> Prompt: Below is a listing with pictures in it. Copy it exactly without them.

*** Opening Exercise data ***

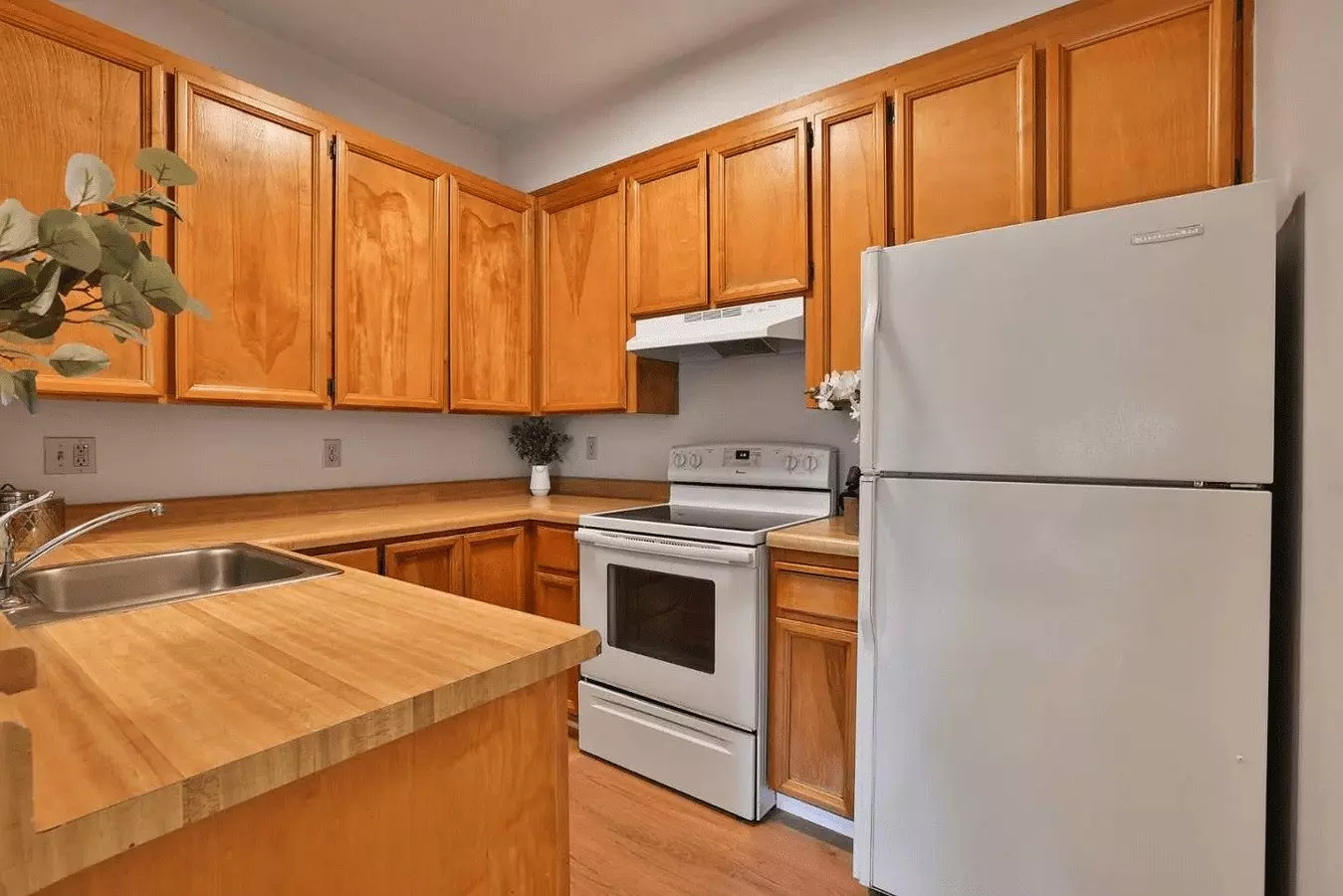 4691 Albany Cir photo 2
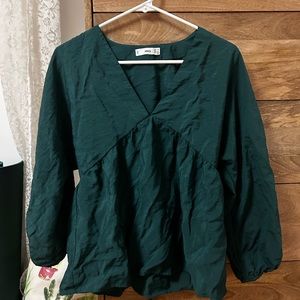 MNGO green long sleeve top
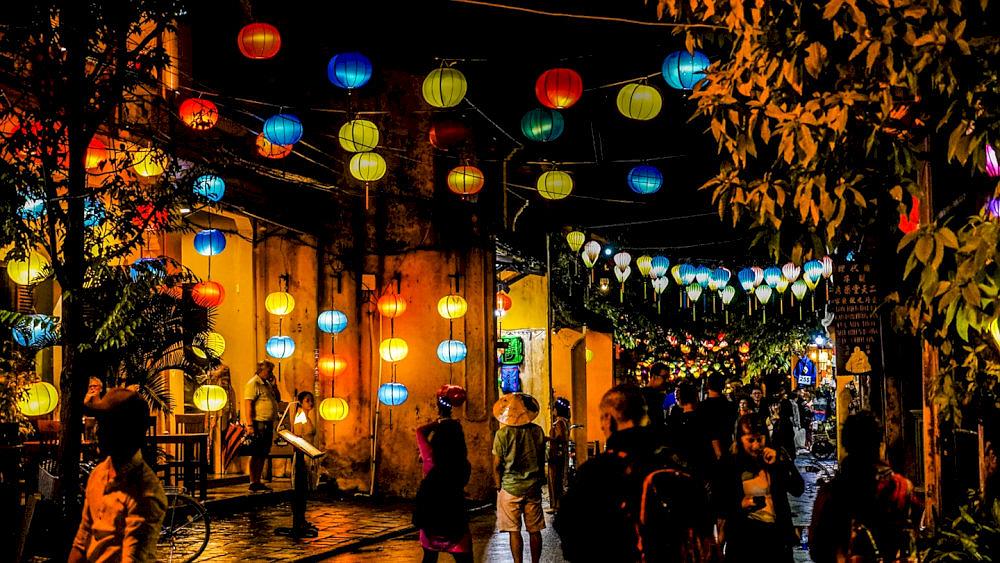 Wander along the lantern-filled streets in Hoi An 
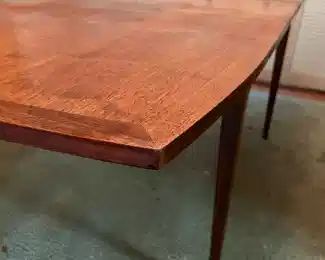 Lane Rhythm Mid Century Walnut Drop Leaf Expanding Dining Table With 1 Leave (29"H x 42"W x 62-1/2"L with 18"L Leaf)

*** Closing Exercise data ***

> Answer space:
 4691 Albany Cir photo 2
 MNGO green long sleeve top
 Wander along the lantern-filled streets in Hoi An 
 Lane Rhythm Mid Century Walnut Drop Leaf Expanding Dining Table With 1 Leave (29"H x 42"W x 62-1/2"L with 18"L Leaf)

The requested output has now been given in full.